A malicious software developer can write their own application that loads the same enclave and follows the same procedure (looks for the sealed data file, and invokes the ECALL to unseal it inside the enclave). While the malicious application can’t expose the user’s password, it can use the enclave’s ECALLs to encrypt and decrypt the user’s files using their stored password, which is nearly as bad. The malicious user has gained the ability to decrypt files without having to know the user’s password at all!

A non-Intel SGX version of this same application that offered this same convenience feature would also be vulnerable, but that’s not the point. If the goal is to use Intel SGX features to harden the application’s security, those same features should not be undermined by poor programming practices!

Managing Power Transitions in the Tutorial Password Manager

Now that we understand how power events affect enclaves and know what tools are available to assist with the recovery process, we can turn our attention to the Tutorial Password Manager. As currently written, it has two problems:

  • It becomes unstable after a power event.
  • It assumes the password vault should remain unlocked after the system resumes.

Before we can solve the first problem we need to address the second one, and that means making some design decisions.

Sleep and Resume Behavior

The big decision that needs to be made for the Tutorial Password Manager is whether or not to lock the password vault when the system resumes from a sleep state.

The primary argument for locking the password vault after a sleep/resume cycle is to protect the password database in case the physical system is stolen while it’s suspended. This would prevent the thief from being able to access the password database after waking up the device. However, having the system lock the password vault immediately can also be a user interface friction: sometimes, aggressive power management settings cause a running system to sleep while the user is still in front of the device. If the user wakes the system back up immediately, they might be irritated to find that their password vault has been locked.

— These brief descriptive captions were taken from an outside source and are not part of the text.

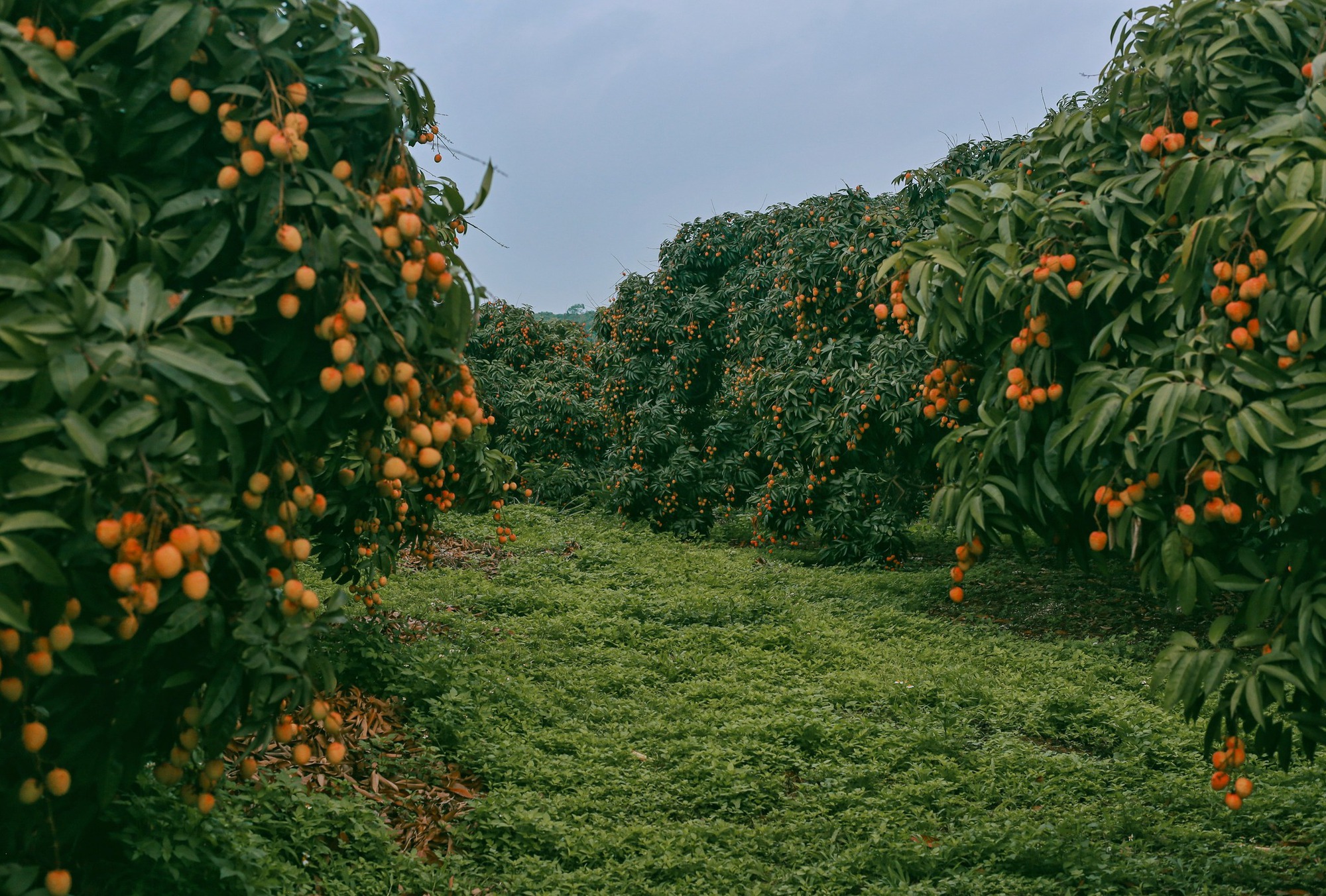 Cảm nhận niềm vui lao động qua bộ ảnh người dân thu hoạch vải - Ảnh 1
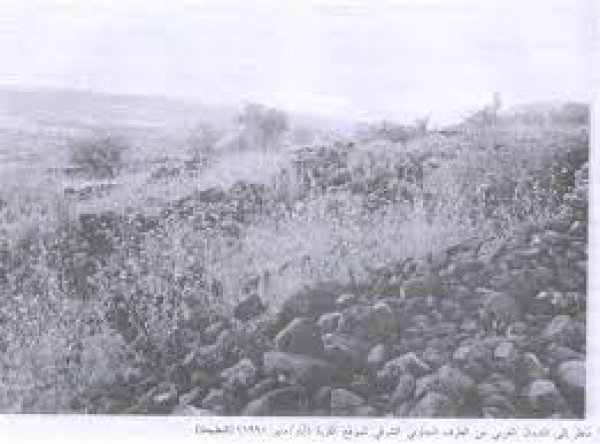 قرية البطيحة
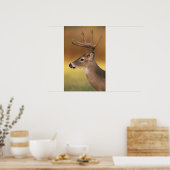 Witstaartdeer, Odocoileus virginianus, Poster (Keuken)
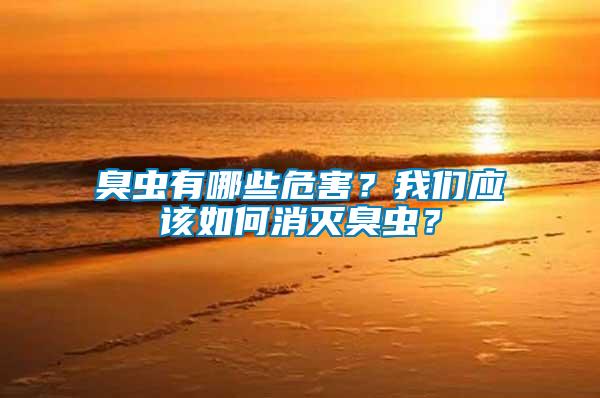 臭蟲有哪些危害？我們應該如何消滅臭蟲？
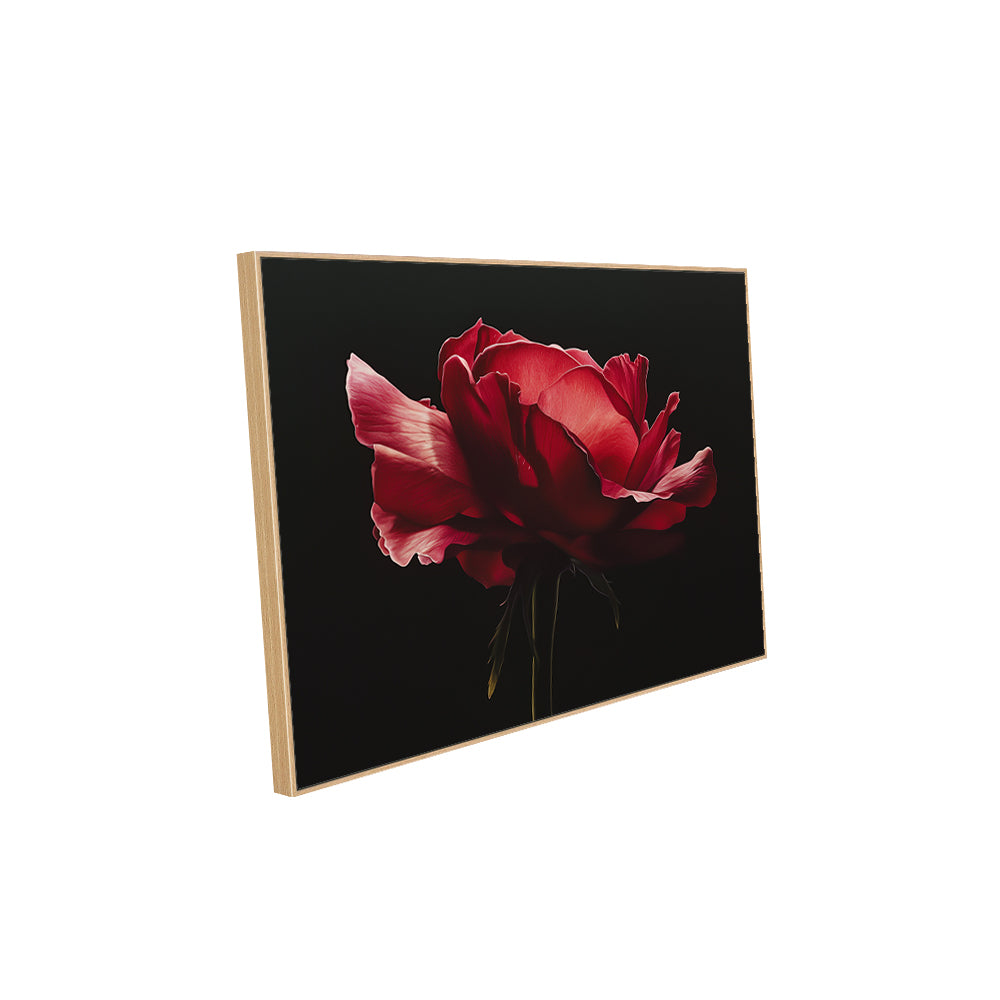 Elegant Red Rose Canvas Wall Art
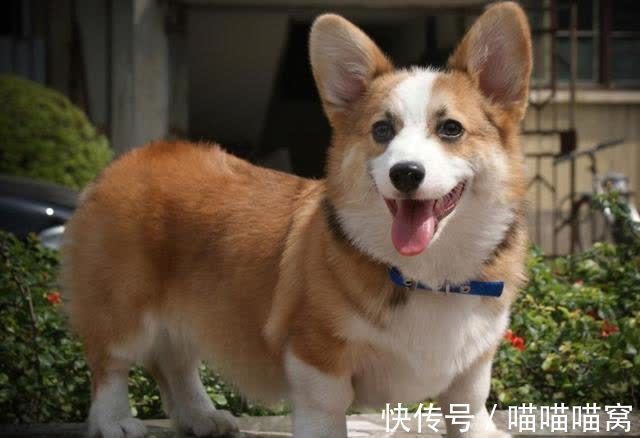 猿猴|为啥说:鸡睛不可交,犬眼休为伴?鸡睛犬眼长啥样?古人的识人术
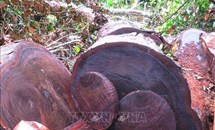 Phát hiện số lượng lớn gỗ nghiến tàng trữ trái phép ở Hà Giang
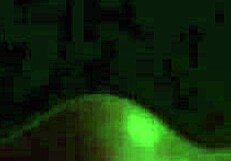 In the airplane scene, she gives a blowjob leading to orgasm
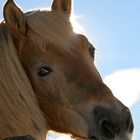 Haflinger im Gegenlicht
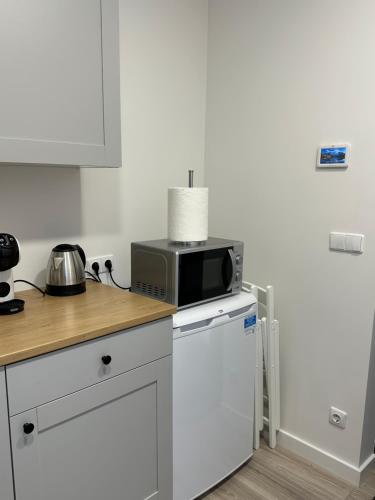 a kitchen with a microwave on top of a refrigerator at Užupio apartamentai Nemokamas parkingas in Vilnius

This issue really comes down to balancing user convenience against security, so the right approach is to give the user control over the application’s behavior. The default will be for the password vault to lock immediately upon suspend/resume, but the user can configure the application to wait up to 10 minutes after the sleep event before the vault is forcibly locked.

Intel® Software Guard Extensions and Non-Intel Software Guard Extensions Code Paths

Interestingly, the default behavior of the Intel SGX code path differs from that of the non-Intel SGX code path. Enclaves are destroyed during the sleep/resume cycle, which means that we effectively lock the password vault as a result. To give the user the illusion that the password vault never locked at all, we have to not only reload the vault file from disk, but also explicitly unlock it again without forcing the user to re-enter their password (this has some security implications, which we discuss below).

For the non-Intel SGX code path, the vault is just stored in regular memory. When the system resumes, system memory is unchanged and the application continues as normal. Thus, the default behavior is that an unlocked password vault remains unlocked when the system resumes.

Application Design

With the behavior of the application decided, we turn to the application design. Both code paths need to handle the sleep/resume cycle and place the vault in the correct state: locked or unlocked.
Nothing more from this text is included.